• [THE PROBLEM] Only one stretch of the material below is wanted: everything from the line containing "Picture of a" down to the line containing "a hallway with a large window and a door", both ends included. Repeat it exactly and skip the pictures.

• [INPUT RECORDS]
● ● ● ● ● ● ●

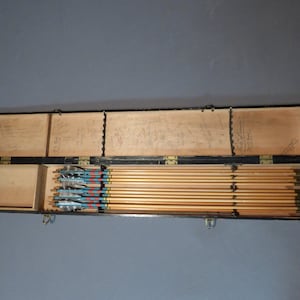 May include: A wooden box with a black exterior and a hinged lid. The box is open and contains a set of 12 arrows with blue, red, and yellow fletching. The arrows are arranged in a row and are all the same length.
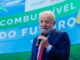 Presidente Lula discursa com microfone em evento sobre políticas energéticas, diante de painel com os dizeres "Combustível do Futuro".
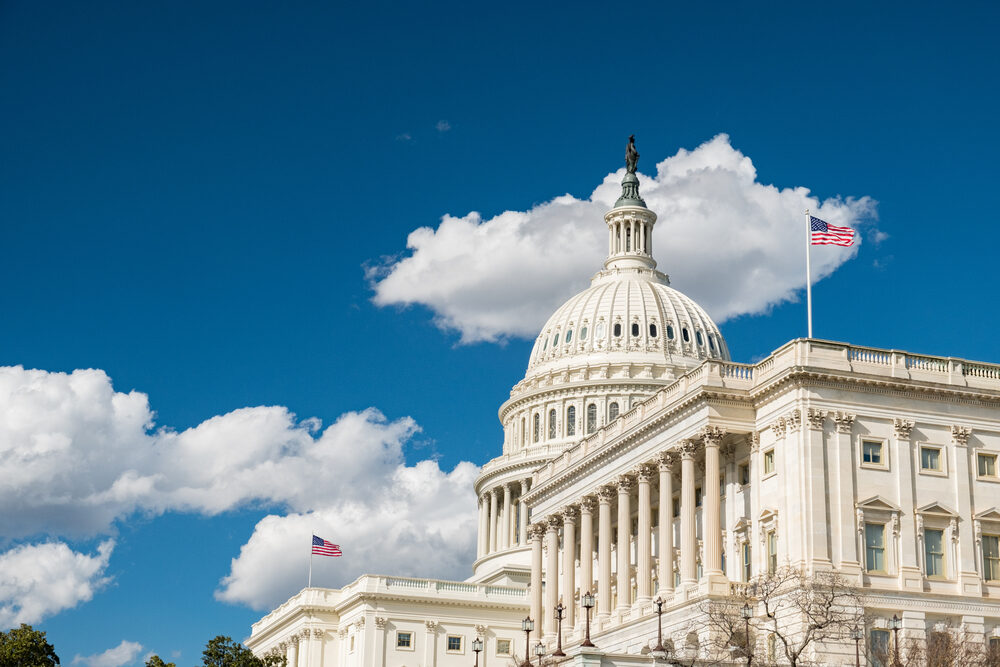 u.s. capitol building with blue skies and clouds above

● ● ● ● ● ● ●

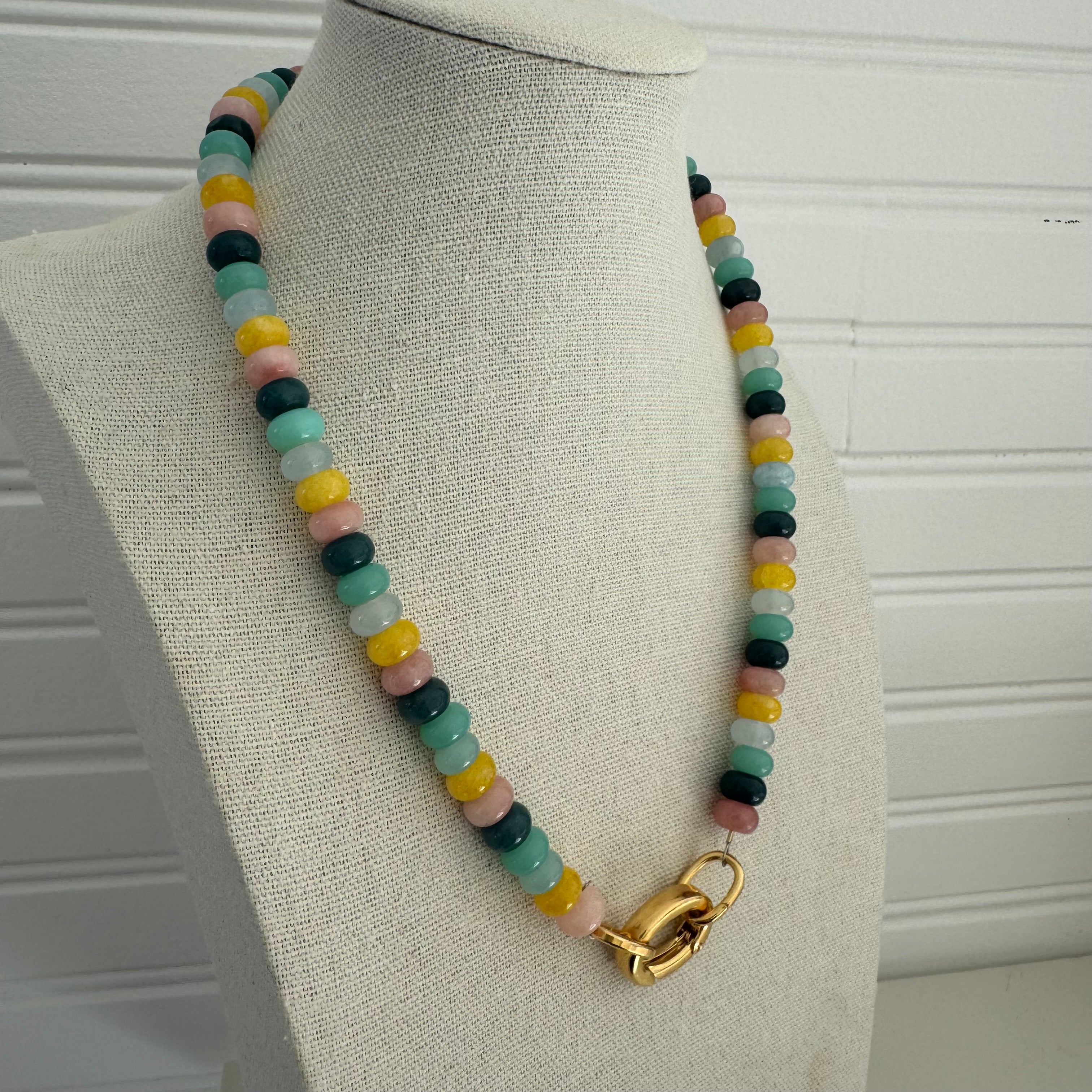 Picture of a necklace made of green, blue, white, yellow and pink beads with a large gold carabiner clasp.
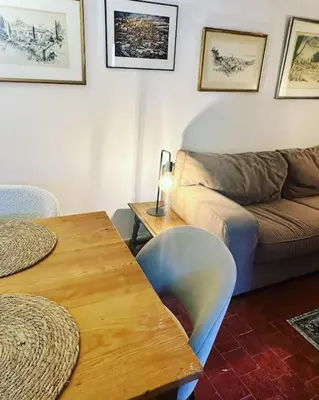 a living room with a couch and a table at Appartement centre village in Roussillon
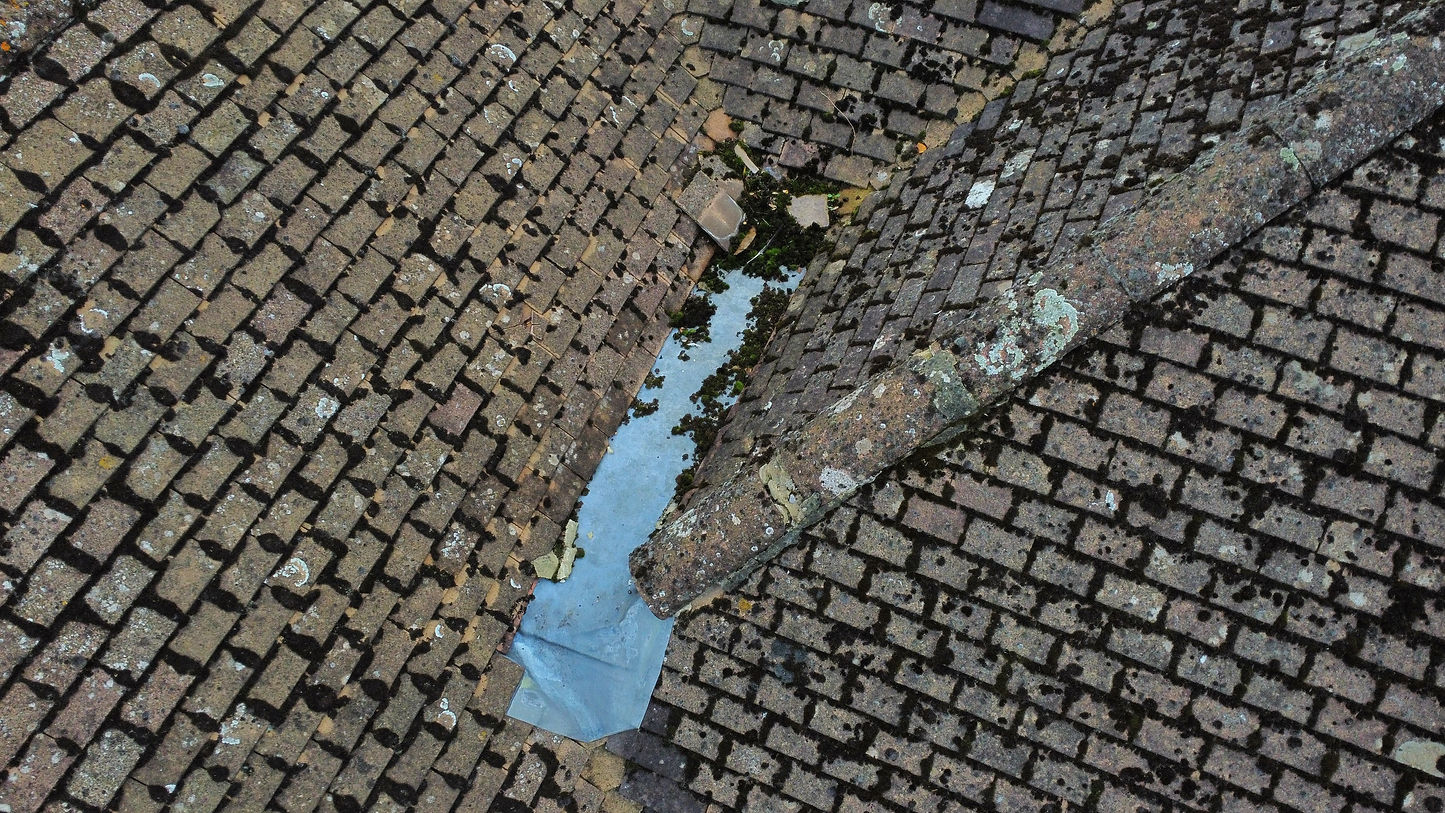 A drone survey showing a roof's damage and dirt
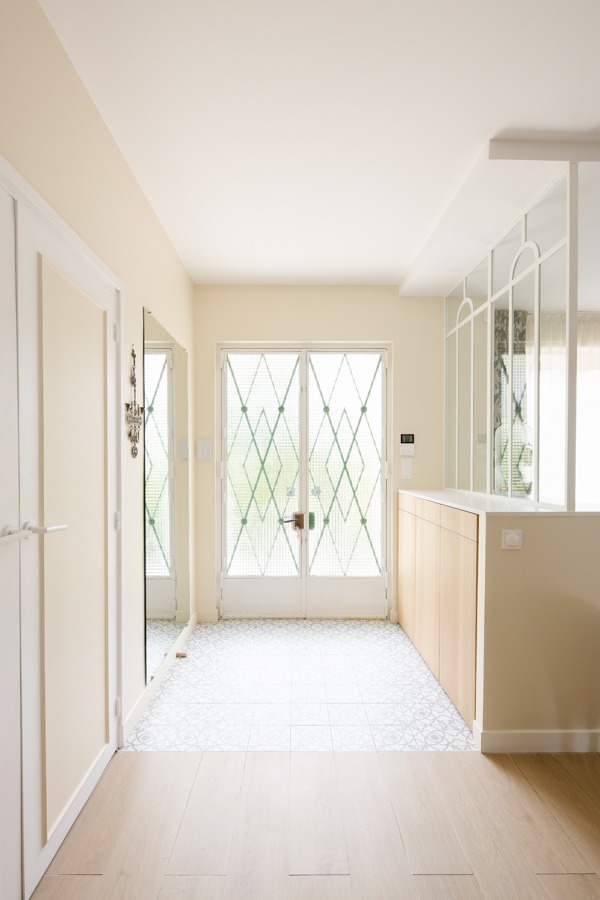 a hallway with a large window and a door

● ● ● ● ● ● ●

• [RESPONSE TO THIS EXERCISE]
 Picture of a necklace made of green, blue, white, yellow and pink beads with a large gold carabiner clasp.
 a living room with a couch and a table at Appartement centre village in Roussillon
 A drone survey showing a roof's damage and dirt
 a hallway with a large window and a door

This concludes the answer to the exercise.